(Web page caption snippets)
===
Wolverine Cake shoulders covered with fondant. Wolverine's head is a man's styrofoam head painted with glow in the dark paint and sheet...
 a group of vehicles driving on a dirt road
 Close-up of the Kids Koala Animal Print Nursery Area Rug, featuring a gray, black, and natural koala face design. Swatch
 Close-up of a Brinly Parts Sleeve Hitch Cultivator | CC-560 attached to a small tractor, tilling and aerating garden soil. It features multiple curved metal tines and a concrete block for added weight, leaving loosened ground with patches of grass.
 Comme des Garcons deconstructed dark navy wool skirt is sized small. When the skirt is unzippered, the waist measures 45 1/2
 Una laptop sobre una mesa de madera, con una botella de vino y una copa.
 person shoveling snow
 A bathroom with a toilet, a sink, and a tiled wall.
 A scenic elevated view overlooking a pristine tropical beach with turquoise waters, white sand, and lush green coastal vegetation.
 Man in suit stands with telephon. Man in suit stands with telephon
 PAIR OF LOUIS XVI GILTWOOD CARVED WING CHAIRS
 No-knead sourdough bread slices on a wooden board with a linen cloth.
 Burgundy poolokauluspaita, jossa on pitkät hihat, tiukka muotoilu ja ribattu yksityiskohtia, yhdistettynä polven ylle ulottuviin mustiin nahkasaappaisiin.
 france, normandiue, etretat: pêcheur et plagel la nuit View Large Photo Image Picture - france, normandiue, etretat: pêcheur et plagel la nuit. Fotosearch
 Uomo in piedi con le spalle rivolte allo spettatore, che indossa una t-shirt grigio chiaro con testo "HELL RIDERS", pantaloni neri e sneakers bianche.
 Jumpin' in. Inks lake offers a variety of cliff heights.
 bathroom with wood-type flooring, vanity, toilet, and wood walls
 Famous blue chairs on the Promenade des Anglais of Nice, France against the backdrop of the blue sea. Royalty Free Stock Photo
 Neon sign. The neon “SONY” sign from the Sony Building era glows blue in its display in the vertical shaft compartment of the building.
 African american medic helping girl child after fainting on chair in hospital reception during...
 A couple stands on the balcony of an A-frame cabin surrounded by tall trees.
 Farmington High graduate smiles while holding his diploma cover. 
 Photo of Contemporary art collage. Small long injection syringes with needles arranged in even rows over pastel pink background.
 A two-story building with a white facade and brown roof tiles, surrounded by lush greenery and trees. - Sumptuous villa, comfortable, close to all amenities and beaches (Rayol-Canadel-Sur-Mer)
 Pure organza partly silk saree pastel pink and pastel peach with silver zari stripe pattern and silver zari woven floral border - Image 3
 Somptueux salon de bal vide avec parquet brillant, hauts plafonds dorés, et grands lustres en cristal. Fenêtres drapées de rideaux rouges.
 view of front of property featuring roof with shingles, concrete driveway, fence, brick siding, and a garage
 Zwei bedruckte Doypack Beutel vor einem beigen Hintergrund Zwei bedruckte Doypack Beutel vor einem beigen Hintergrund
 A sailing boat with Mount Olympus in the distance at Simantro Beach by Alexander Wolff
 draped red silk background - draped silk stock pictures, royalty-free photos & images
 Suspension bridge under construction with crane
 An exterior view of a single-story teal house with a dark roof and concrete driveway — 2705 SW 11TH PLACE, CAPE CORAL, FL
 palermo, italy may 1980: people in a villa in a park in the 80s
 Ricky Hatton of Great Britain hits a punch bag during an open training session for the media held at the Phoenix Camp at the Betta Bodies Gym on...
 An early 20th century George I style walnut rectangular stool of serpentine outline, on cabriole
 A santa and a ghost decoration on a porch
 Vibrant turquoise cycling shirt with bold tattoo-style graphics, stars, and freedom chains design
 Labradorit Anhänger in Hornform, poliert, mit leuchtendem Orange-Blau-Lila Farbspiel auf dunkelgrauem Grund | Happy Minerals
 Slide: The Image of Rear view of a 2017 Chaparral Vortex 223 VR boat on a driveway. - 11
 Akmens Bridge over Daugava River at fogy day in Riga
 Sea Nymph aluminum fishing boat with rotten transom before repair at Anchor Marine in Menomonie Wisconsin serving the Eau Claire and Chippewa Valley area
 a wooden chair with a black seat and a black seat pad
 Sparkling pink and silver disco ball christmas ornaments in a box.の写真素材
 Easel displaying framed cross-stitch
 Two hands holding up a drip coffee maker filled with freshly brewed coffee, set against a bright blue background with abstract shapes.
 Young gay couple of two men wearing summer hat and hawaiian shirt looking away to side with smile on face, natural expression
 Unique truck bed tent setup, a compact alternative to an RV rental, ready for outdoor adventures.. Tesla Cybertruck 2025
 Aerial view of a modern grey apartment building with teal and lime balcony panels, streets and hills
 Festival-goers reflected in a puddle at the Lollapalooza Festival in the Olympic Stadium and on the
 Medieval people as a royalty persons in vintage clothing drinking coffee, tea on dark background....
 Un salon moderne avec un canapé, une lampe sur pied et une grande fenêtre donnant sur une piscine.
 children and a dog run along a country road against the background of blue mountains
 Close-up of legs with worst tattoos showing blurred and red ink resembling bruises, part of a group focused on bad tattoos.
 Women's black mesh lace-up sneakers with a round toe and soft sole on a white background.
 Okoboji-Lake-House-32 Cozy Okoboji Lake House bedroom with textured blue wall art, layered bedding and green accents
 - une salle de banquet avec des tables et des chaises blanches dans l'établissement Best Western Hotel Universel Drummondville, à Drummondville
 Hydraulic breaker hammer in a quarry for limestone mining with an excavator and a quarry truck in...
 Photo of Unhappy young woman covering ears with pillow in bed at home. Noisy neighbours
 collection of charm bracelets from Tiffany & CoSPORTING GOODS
===
Aim of the exercise
Copy, please, every line from the start of the entries down to the line that holds "Comme des Garcons", with both of those lines included and no others.

Written answer
Wolverine Cake shoulders covered with fondant. Wolverine's head is a man's styrofoam head painted with glow in the dark paint and sheet...
 a group of vehicles driving on a dirt road
 Close-up of the Kids Koala Animal Print Nursery Area Rug, featuring a gray, black, and natural koala face design. Swatch
 Close-up of a Brinly Parts Sleeve Hitch Cultivator | CC-560 attached to a small tractor, tilling and aerating garden soil. It features multiple curved metal tines and a concrete block for added weight, leaving loosened ground with patches of grass.
 Comme des Garcons deconstructed dark navy wool skirt is sized small. When the skirt is unzippered, the waist measures 45 1/2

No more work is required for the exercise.